The first half of the film focuses on the relationship between a professional debunker (Sigourney Weaver) and her assistant (Cilian Murphy). Episodically, they do their job, exchange philosophical discussions, and provide character background. The second half introduces a world-renowned psychic (Robert DeNiro) that no-one has ever been able to debunk. Weaver and Murphy are drawn into the surprisingly dangerous world of trying to debunk to undebunkable DeNiro.

The debunking and philosophical discussions were earnest and intriguing. I was particularly delighted with Weaver’s performance as a debunker so assured of her time-honed principles and techniques that she’s become an atheist guru. One never senses from her a lack of spirituality or depth, an emptiness or apologetic undertone so often accompanying atheist characters in popular media. Murphy’s wide-eyed discipleship is charming if a little confusing. But that’s all part of the ‘magic.’

The fleecing, here, is knowing that almost all of the debunking scenarios, principles, and even some of the philosophical discussions are taken wholesale from the life and opinions of James Randi. The faith healer with the radio transmitter is, in parts, taken word-for-word from Randi’s debunking of Peter Popoff. That’s just one instance; there are more. I know, because I spent my undergrad as a wide-eyed Randi disciple.

Even DeNiro’s character is an embellishment of Randi’s long-time nemesis, Uri Gellar, the infamous spoon-bender. He excited minds in the ‘70s with his one-trick charlatanry that bamboozled genuine scientists, faded from view, tried to make a return on Israeli TV, and ultimately confessed to being a mere magician. The conflict between Randi and Gellar is exaggerated in Red Lights, but obviously the source.

I have a problem with this liberal theft from Randi’s career because, first of all, I think Randi’s life is interesting enough to be dramatized on its own and not cannibalized by fiction. Secondly, I’m furious with the lack of imagination shown by a writer (director Rodrigo Cortes) who really should have been able to invent, rather than steal, the material for his screenplay. This may not literally be plagiarism, but it’s not acceptable from a creative mind.

The conflicts between Weaver and DeNiro, Murphy and DeNiro, and even between Weaver and Murphy over DeNiro, I found mostly plausible and engrossing. DeNiro’s character is a slippery manipulator whose main mode of communication is chewing the scenery—making DeNiro’s task a cakewalk. Often his bombastic speeches are exaggerated to a laughable extent. But the film’s best moment is his philosophical monologue to Murphy. Like any viewer would, I wondered whether DeNiro’s character was genuine or not. I was invested in the conflicts between these characters and interested in how they would be played out.

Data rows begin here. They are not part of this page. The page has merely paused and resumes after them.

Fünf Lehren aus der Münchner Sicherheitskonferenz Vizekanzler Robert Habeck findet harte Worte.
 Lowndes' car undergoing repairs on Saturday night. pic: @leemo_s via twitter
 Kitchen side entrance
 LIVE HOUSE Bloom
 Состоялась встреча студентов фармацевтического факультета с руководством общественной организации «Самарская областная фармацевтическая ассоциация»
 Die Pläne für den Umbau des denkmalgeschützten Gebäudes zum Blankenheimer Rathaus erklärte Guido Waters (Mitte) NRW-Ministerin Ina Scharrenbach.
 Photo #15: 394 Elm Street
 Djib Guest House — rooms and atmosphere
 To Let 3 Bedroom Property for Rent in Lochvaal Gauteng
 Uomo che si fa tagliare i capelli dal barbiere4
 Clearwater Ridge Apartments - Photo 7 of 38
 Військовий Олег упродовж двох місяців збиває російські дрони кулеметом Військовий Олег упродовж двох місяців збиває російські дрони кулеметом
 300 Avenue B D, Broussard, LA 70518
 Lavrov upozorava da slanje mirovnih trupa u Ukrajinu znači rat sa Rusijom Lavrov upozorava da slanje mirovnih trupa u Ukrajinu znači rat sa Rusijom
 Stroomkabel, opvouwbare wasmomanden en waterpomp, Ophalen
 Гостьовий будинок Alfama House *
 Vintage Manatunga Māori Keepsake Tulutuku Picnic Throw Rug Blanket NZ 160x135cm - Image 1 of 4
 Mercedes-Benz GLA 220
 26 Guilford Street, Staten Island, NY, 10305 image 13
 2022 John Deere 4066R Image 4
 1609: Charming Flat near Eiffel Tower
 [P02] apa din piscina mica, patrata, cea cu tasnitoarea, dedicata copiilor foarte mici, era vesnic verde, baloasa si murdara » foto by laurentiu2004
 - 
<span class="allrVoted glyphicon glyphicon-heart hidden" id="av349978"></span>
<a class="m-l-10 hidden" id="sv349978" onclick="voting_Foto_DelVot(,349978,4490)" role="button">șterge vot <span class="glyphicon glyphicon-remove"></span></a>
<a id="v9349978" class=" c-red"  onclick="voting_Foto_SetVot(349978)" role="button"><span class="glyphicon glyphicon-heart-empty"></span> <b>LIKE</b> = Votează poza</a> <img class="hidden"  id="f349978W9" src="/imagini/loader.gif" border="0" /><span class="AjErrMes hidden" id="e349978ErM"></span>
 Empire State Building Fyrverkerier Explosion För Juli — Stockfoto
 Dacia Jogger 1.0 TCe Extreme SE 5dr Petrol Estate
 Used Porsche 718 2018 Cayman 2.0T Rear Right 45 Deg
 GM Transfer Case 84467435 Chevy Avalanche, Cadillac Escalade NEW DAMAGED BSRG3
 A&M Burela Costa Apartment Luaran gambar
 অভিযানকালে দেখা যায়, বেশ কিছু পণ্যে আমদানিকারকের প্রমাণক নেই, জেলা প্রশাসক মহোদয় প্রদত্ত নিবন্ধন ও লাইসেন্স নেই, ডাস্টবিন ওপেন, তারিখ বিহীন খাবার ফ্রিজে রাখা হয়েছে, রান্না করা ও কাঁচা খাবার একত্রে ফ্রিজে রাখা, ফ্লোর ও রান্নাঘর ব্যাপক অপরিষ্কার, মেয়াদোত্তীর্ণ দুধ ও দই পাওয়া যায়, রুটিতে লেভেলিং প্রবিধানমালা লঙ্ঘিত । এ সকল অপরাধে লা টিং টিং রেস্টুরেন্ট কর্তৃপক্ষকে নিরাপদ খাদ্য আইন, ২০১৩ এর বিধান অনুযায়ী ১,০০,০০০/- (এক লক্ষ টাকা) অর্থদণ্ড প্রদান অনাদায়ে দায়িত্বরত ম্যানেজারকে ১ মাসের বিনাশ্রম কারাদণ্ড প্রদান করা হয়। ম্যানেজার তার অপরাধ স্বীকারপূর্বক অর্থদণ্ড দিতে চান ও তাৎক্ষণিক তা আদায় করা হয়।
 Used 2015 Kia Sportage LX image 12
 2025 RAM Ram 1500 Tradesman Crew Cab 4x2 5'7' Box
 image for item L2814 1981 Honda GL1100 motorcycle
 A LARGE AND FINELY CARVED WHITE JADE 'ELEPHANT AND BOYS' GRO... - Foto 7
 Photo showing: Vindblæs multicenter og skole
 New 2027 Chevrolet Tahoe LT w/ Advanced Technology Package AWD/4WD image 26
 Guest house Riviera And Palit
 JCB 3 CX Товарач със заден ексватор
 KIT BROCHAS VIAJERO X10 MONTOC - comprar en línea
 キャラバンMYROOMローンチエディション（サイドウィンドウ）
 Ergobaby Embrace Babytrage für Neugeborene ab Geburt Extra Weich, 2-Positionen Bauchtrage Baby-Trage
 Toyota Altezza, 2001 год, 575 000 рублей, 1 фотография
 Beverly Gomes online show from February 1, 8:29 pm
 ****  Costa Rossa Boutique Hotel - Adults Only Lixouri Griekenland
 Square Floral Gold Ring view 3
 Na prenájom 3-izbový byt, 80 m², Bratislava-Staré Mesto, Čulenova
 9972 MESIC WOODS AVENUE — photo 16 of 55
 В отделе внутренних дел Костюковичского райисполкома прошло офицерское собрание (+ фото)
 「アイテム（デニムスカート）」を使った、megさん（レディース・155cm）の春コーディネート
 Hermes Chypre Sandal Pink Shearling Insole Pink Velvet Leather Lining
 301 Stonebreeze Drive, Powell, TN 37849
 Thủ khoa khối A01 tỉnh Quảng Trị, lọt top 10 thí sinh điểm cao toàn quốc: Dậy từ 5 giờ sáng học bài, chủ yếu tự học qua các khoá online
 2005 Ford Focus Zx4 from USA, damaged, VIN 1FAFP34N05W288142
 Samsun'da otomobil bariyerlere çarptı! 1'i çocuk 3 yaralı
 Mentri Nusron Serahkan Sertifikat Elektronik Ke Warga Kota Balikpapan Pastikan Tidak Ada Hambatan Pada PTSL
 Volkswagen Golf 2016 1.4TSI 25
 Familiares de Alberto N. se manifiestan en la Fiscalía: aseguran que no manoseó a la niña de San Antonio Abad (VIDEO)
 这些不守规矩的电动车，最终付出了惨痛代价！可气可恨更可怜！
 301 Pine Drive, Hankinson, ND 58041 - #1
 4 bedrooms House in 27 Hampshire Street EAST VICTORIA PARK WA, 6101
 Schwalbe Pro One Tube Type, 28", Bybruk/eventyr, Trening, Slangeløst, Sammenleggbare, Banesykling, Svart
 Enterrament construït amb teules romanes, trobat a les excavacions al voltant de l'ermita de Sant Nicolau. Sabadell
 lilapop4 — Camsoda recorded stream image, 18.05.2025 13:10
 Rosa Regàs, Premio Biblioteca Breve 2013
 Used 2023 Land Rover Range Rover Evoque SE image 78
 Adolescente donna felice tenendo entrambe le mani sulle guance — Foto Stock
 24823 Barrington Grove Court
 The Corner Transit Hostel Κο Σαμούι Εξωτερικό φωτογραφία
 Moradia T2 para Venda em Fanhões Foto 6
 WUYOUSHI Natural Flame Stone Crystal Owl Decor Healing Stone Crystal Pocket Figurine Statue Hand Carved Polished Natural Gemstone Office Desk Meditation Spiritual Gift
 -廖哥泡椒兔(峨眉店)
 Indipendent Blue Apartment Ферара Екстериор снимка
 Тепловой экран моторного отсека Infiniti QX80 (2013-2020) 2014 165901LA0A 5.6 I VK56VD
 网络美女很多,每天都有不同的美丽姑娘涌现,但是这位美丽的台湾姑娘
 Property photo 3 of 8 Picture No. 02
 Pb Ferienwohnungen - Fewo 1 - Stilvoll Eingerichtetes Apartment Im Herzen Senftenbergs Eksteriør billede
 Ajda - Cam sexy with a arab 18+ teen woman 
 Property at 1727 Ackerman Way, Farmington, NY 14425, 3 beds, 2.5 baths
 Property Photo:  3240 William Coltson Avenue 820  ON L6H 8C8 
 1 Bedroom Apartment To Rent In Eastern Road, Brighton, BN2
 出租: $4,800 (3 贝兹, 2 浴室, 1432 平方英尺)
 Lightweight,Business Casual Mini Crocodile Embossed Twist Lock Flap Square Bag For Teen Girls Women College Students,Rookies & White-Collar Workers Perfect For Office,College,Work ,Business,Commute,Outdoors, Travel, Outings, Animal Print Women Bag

Cortes’s whole methodology, however, is to fleece the viewer with a sucker-punch conclusion that really deflates a lot of the dramatic power earned up to that point. This is the kind of conclusion that requires a flashback to all the key ‘hints’ throughout the film. The kind of conclusion that the viewer doesn’t think of, not because it’s hard to figure out, but because it’s too tiresome and stupid.

The tension between the authentic, good film that could have been and the plagiarized, sneaky confidence trick it turns out to be leaves me ambivalent toward it. The narrative flaws I could have forgiven seem less venial without the good faith of the creator. The moments of skilful drama, owed primarily to the often wasted acting talent of Weaver, DeNiro, Murphy, and Toby Jones, make Red Lights passable entertainment—just remember, you can’t win a fixed game.